Why don’t I believe you… Well, Microsoft, for example, are incapable of finding their own e-mails, but Google can index the net, which is slightly bigger that Microsoft’s mail servers [and they through everything useful away anyway] so, I can find what I’m looking for in a couple of seconds. Thanks Google. In fact, I’m pretty sure that Google has, as far as the web is concerned, already indexed those Child Porn sites. Without the need for humans to go and visit. A similar solution, of a Google-type crawler could perhaps trawl your file-sharing networks, working for our delegates—those we pay to do our dirty work, like policing—can search. And act. They have the authority to contact the server owner in “some far-flung former Soviet province”. And if the FBI have the power to seize Indymedia’s servers in GB—or not—they can send the black helicopters anywhere in the world. If they really want to.

“A more realistic goal may be to disrupt the servers. In many cases, the owners of the servers have no idea they are being used in this way. But if their servers go down, then the distribution of the material will be halted and the owners alerted to the problem. If a web-hosting company sees a server go down, I am sure they will do something about it.”

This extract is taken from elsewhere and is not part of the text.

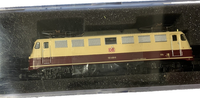 Hobbytrain H244500 - Elektrolok Br 110 Crem /Rot Db Ep.Iv - Spur N Ovp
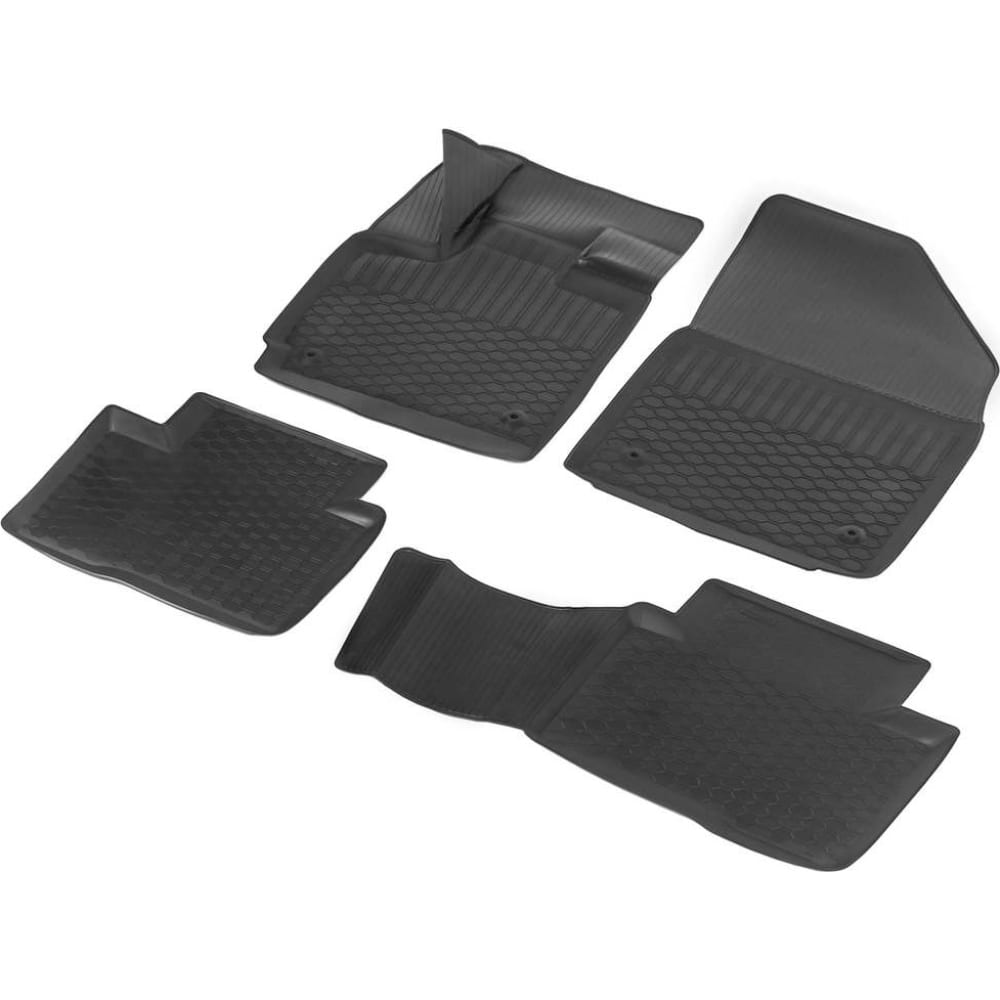 

Коврики салона для Exeed TXL M32TFL 2021- Rival 10909001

Again, we have another blanket statement with no backup. How does he know that “In many cases, the owners of the servers have no idea they are being used in this way”. They may not realise what is on their servers, but any one who has a fileserver knows that it serves files, duh…

But what he is proposing is called lynching. DDoS attacks should be a crime, if they are not already. As more and more economic and social life passes through the net, deliberately provoking massive failure of servers is irresponsible, and should be severely punished. It’s not pushing Child Porn I agree, but it is mob rule.

And where do we stop? Is the Co$ authorised to DDoS all sites that it doesn’t like because, it claims, they’re broadcasting what it claims are sacred scriptures. Personally, I think they’re all nuts, and some may even be dangerous nuts at that, but that doesn’t mean I’d condone DDoS attacks against them either. But someone might. And if I were a pornographer, what’s to stop me taking down the Guardian’s site because I feel your article is threatening my livelihood?

“One approach might be to capitalise on the internet dynamic of decentralised co-operation. Instead of internet users calling for someone else to police their environment, perhaps they should band together to tackle it themselves.”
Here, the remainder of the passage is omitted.